The problem: Word for word, and without a single picture, repeat the entries.

(Captioned web images)
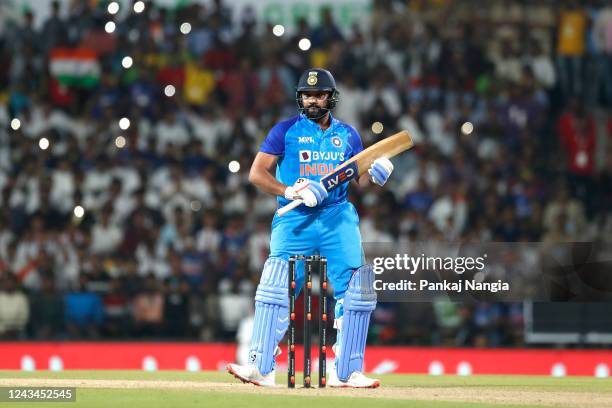 Rohit Sharma of India looks on during game two of the T20 International series between India and Australia at Vidarbha Cricket Association Stadium on...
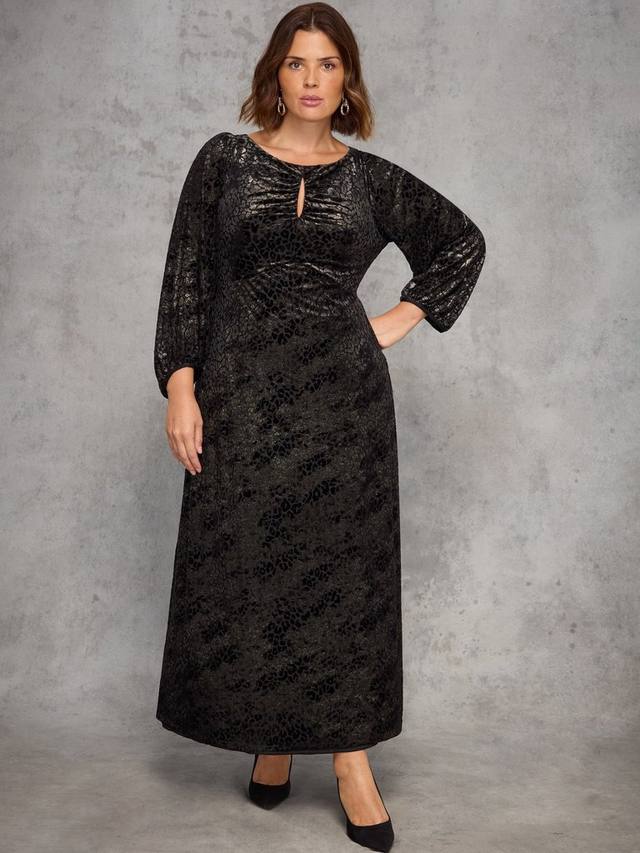 

Платье Curve с жаккардом и эффектом burnout Live Unlimited, Gold/Multi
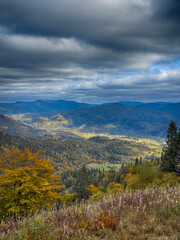 The landscape of Carpathian Mountains in the sunny weather. Perfect weather condition in the autumn season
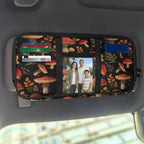 Mushroom Car Sun Visor Organizer, Multi-Pocket Car Truck SUV Storage Pouch Holder Elastic Bands Universal Fit Document Holder for Registration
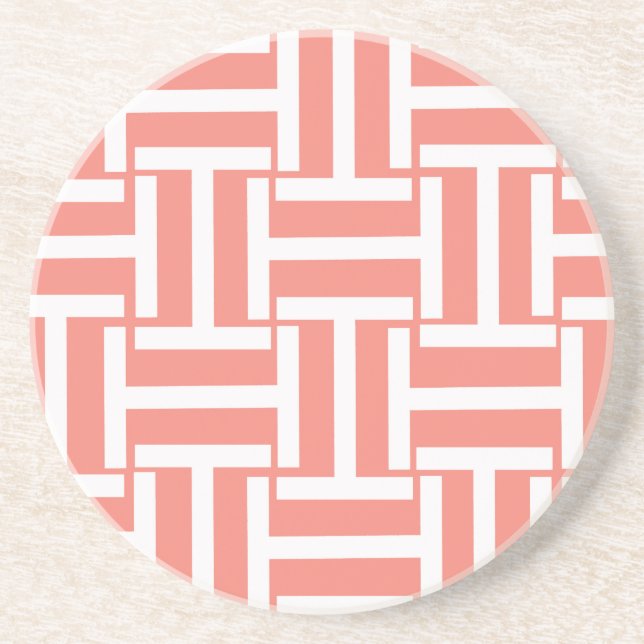 Coral and White T Weave Coaster (Front)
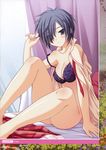  :o absurdres bed blue_eyes blue_hair bra breasts cleavage hair_over_one_eye hanafubuki highres kachou_fuugetsu lingerie medium_breasts no_panties off_shoulder open_clothes open_shirt shirt short_hair sitting solo strap_slip takatsukasa_sumire_alexandra underwear yuyi 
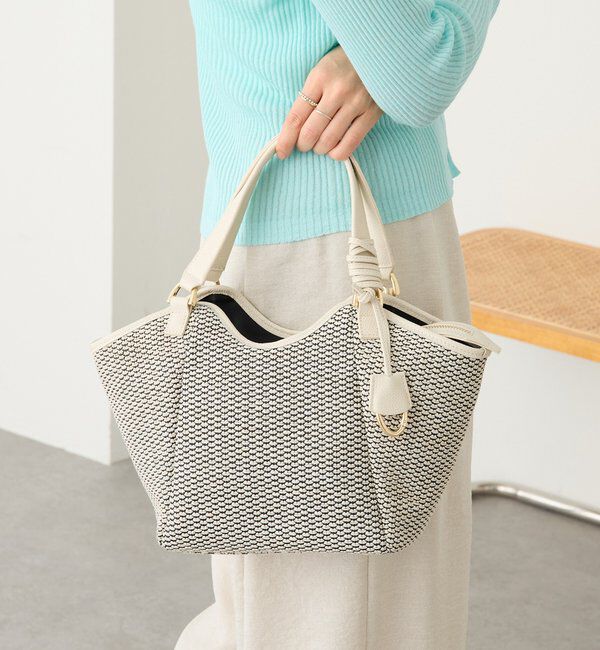  「予約【ショルダーストラップ付き】レザーパイピングミニトート」|クラッチバッグ|アイボリー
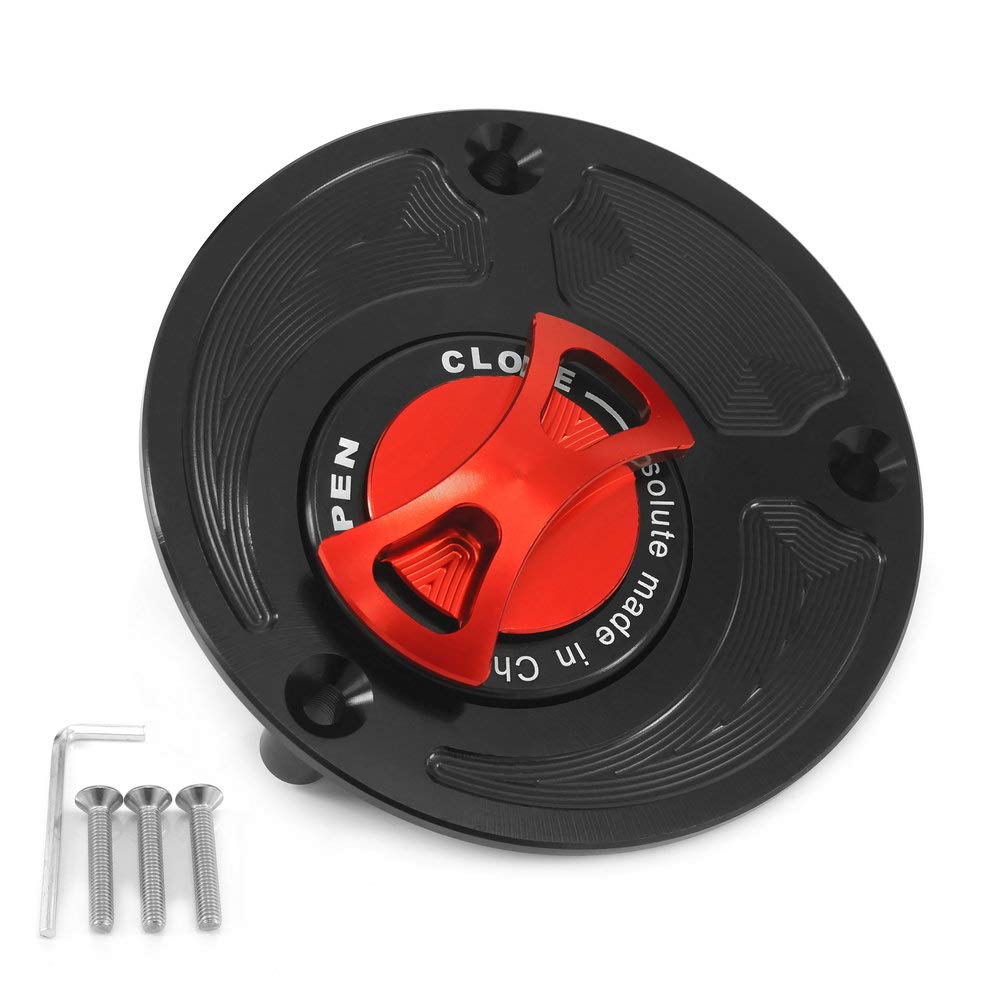 Lavitin Motorrad-Brennstoff -Gastankkappe Universal für Yama 'YZF R1 R3 R6 MT01 MT07 MT09 FZ1 FZ6 FZ07 FZ09 FZR CNC ALUMINUM KEYLOS WEITERLASTUNG (Red) von Lavitin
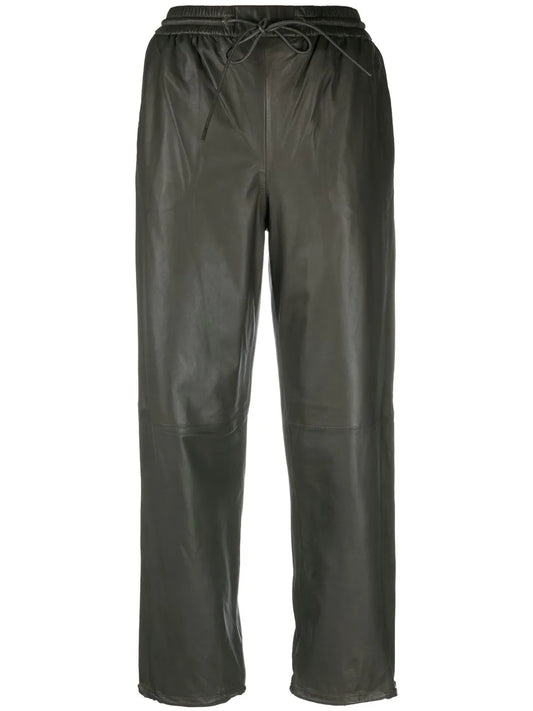 Drawstring-Waist Lambskin Trousers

Task response:
 Rohit Sharma of India looks on during game two of the T20 International series between India and Australia at Vidarbha Cricket Association Stadium on...

Платье Curve с жаккардом и эффектом burnout Live Unlimited, Gold/Multi
 The landscape of Carpathian Mountains in the sunny weather. Perfect weather condition in the autumn season
 Mushroom Car Sun Visor Organizer, Multi-Pocket Car Truck SUV Storage Pouch Holder Elastic Bands Universal Fit Document Holder for Registration
 Coral and White T Weave Coaster (Front)
  :o absurdres bed blue_eyes blue_hair bra breasts cleavage hair_over_one_eye hanafubuki highres kachou_fuugetsu lingerie medium_breasts no_panties off_shoulder open_clothes open_shirt shirt short_hair sitting solo strap_slip takatsukasa_sumire_alexandra underwear yuyi 
  「予約【ショルダーストラップ付き】レザーパイピングミニトート」|クラッチバッグ|アイボリー
 Lavitin Motorrad-Brennstoff -Gastankkappe Universal für Yama 'YZF R1 R3 R6 MT01 MT07 MT09 FZ1 FZ6 FZ07 FZ09 FZR CNC ALUMINUM KEYLOS WEITERLASTUNG (Red) von Lavitin
 Drawstring-Waist Lambskin Trousers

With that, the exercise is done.